China has set up a rare-earths industry group, the government said Monday, in a bid to streamline the sprawling sector and fend off complaints about Beijing's seemingly monopolistic control.
The United States, the European Union and Japan last month lodged a complaint with the World Trade Organization, saying China is choking off exports of rare earths to unfairly benefit domestic industries.
China, a producer of more than 95% of the world's rare earths -- which have a wide range of applications in the military and technology sectors -- has set output caps and export quotas on the coveted resource.
The Association of China Rare Earth Industry, composed of 155 members, was established Sunday in Beijing, according to the Ministry of Industry and Information Technology, which supervises rare-earths development.
In a statement, Vice Industry Minister Su Bo said the group will promote "healthy development" of the sector and urged firms to strictly follow government production plans.
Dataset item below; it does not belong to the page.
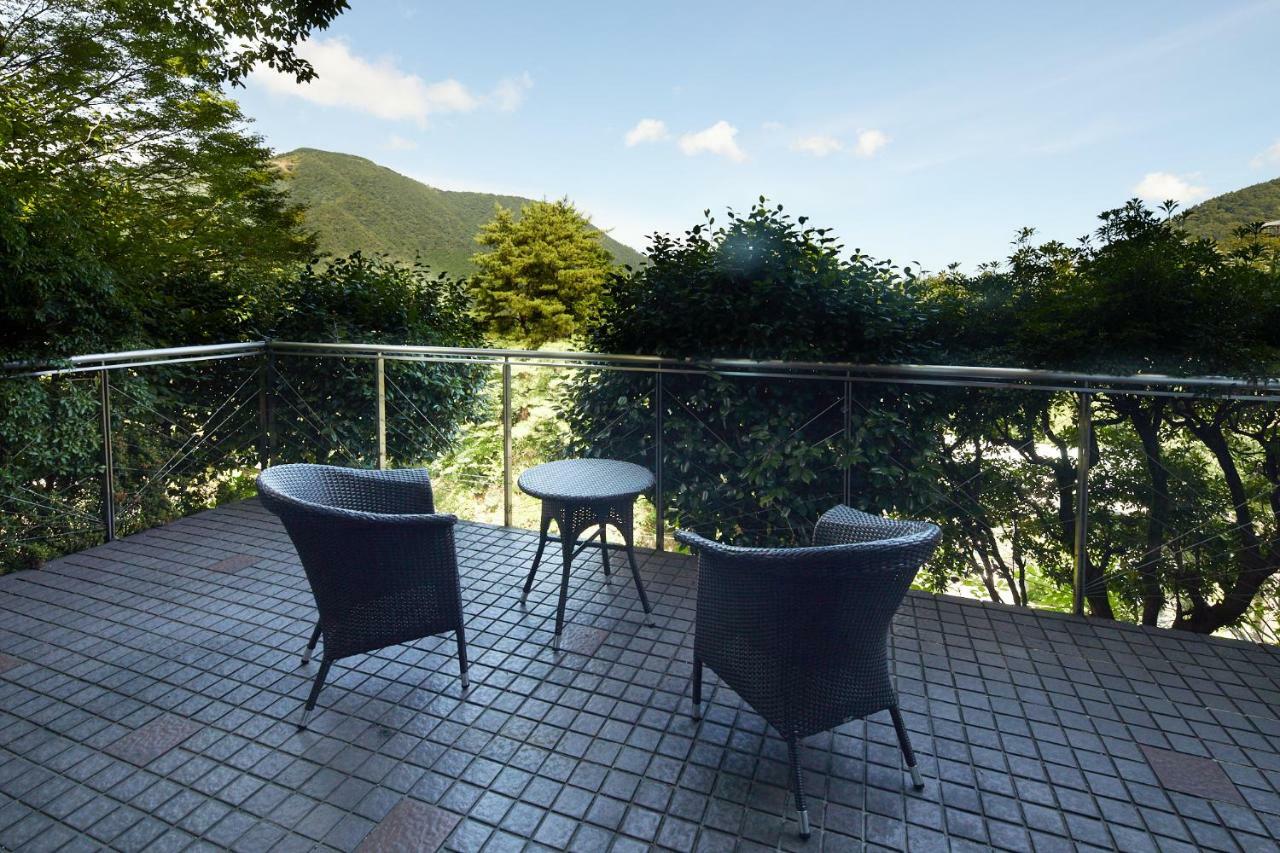 Hakone Yutowa Hotel Exterior foto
China has defended its management of the rare-earths industry, saying its measures aim to limit harm to the environment from excessive mining, while meeting the country's surging domestic demand.
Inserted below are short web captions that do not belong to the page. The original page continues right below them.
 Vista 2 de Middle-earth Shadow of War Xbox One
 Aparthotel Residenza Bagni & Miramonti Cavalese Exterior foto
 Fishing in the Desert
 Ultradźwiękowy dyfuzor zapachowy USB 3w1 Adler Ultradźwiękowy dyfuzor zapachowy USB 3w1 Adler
Separately, the new head of the industry group said the association will "properly" handle trade disputes, the official Xinhua news agency said, but gave no further details.
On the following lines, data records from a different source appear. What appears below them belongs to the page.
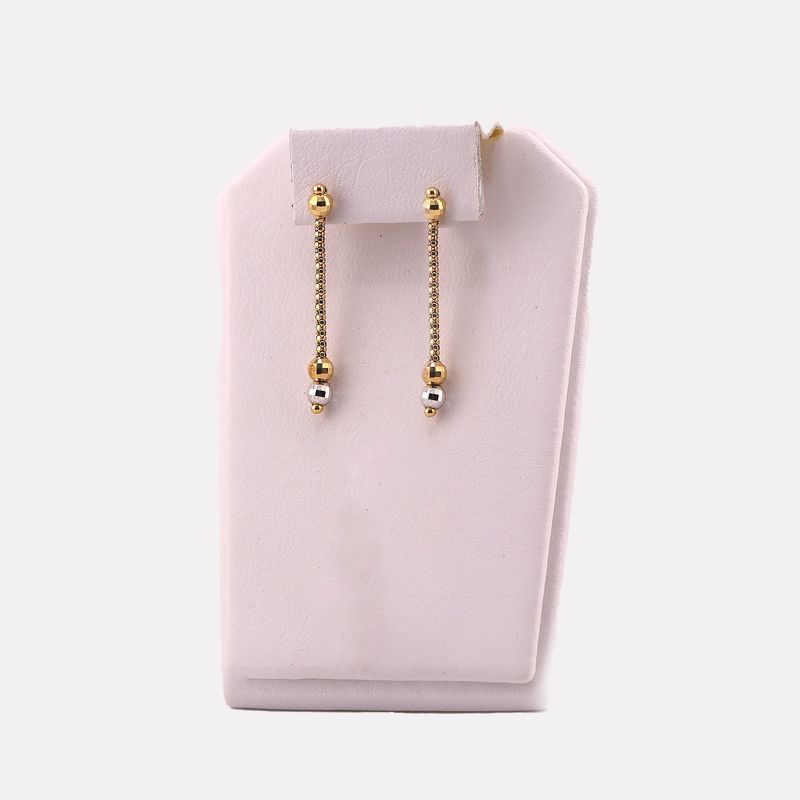 Aretes Borlas 14k 2.1g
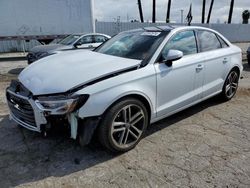 Audi A3 Premium Vehiculos salvage en venta: 2017 Audi A3 Premium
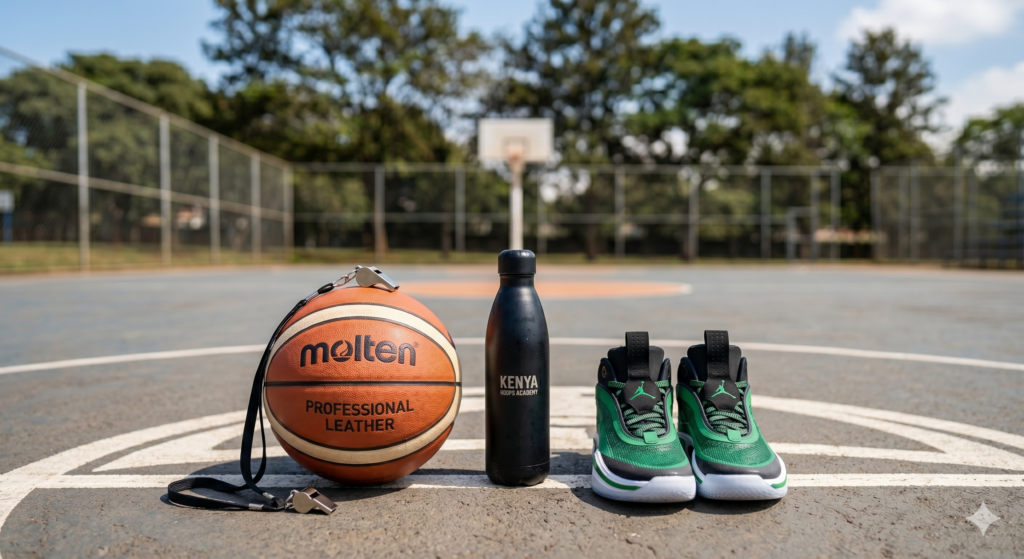 Professional basketball training equipment symbolizing the investment in one on one basketball coaching.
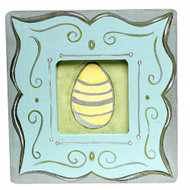 Easter Egg Decorative Frame
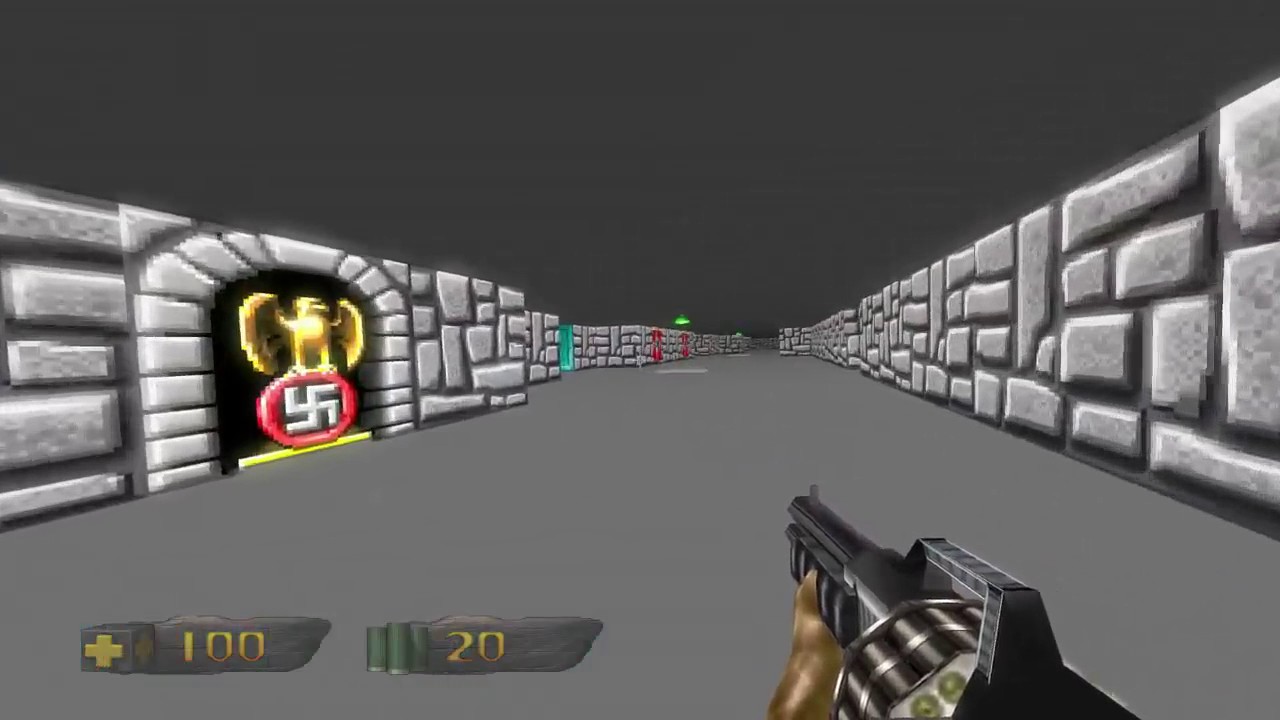 Turok Wolfenstein 3D E1M3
Gan Yong, who also is an academic at the Chinese Academy of Engineering, said the group will create a "reasonable" price mechanism, according to the Xinhua report.
Members of the group include industry giants such as China Minmetals and aluminum producer Chalco.
China's trading partners complain Beijing has deliberately sought to drive up prices and force foreign companies to relocate to the country for access to rare earths.
China has set its 2012 export quota for rare earths at around 30,000 tons, roughly the same level as 2011.